Background: Diencephalic syndrome (DS) is a rare cause of failure to thrive in early childhood. It is associated with neoplastic lesions of the hypothalamic-optic chiasmatic region. Treatment options consist of surgical resection, radiation therapy (RT) and chemotherapy. We describe the clinical course of two children suffering from diencephalic syndrome due to unresectable hypothalamic gliomas and emphasize the importance of chemotherapy as a first-line treatment.

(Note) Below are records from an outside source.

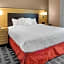 TownePlace Suites by Marriott Phoenix Chandler/Fashion Center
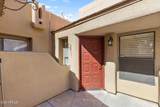 1432 Emerald Avenue - Photo 2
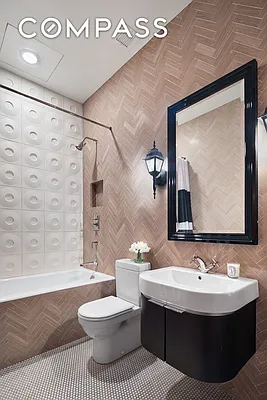 Sold by Compass | media 27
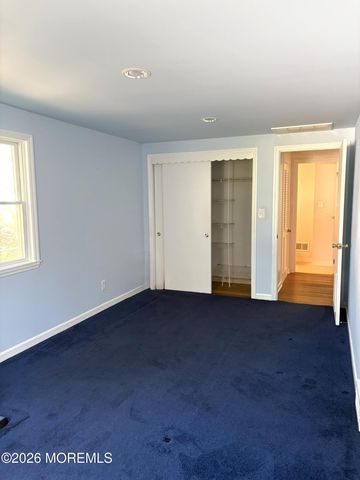 1209 Logan Road, Ocean Twp, NJ 07712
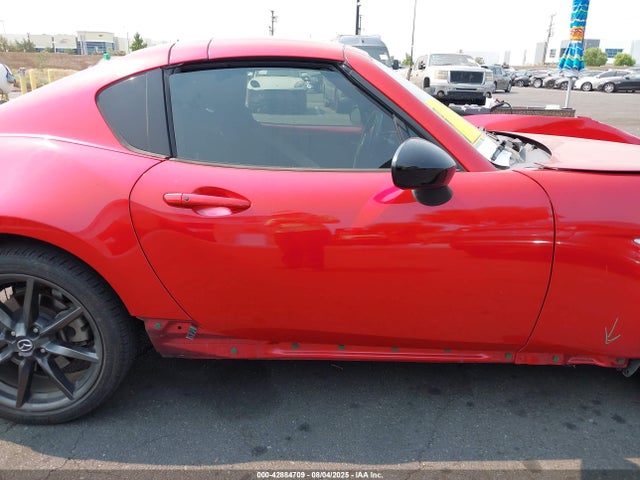 JM1NDAL79H0108198 Mazda pe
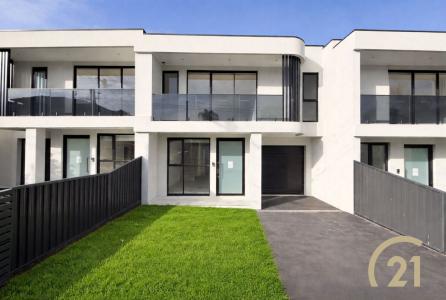 79A Dawson Street, Fairfield Heights, NSW 2165, Australia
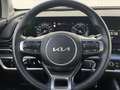Kia Sportage 1.6 T-GDi 230pk Hybrid AT6 DynamicLine | Navigatie Grijs - thumbnail 14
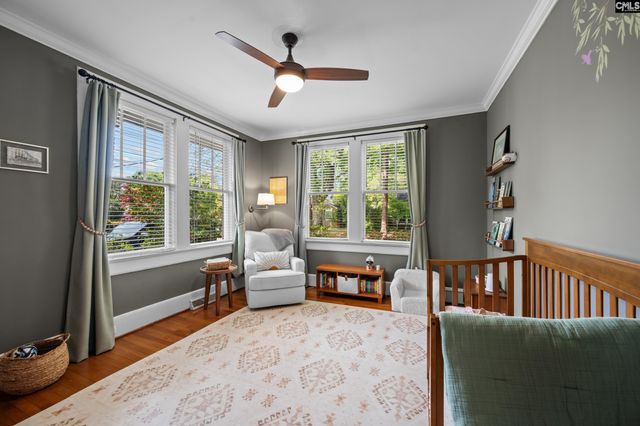 1226 Daly Street, Columbia, SC 29205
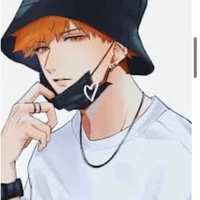 RENSUKE KUNIGAMI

Patients and methods: We report about two children, at the age of 21 months and 13 months at diagnosis, who presented with severe dystrophy at 12 months and 6 months respectively. Imaging of the brain showed a suprasellar mass, identified histologically as low grade pilocytic astrocytoma. Both patients were treated with chemotherapy which induced tumor regression and stable disease.
Results: The two children gradually gained weight and improved remaining in stable remission.
Conclusions: Diencephalic syndrome caused by a hypothalamic/chiasmatic astrocytoma is a rare cause of failure to thrive in children so that diagnosis is frequently delayed. It should be considered as differential diagnosis in any child with dystrophy despite adequate caloric intake. Since most of these tumors in that specific anatomic site are regarded to be unresectable, chemotherapy including carboplatin and vincristine may reveal clinical improvement in these patients.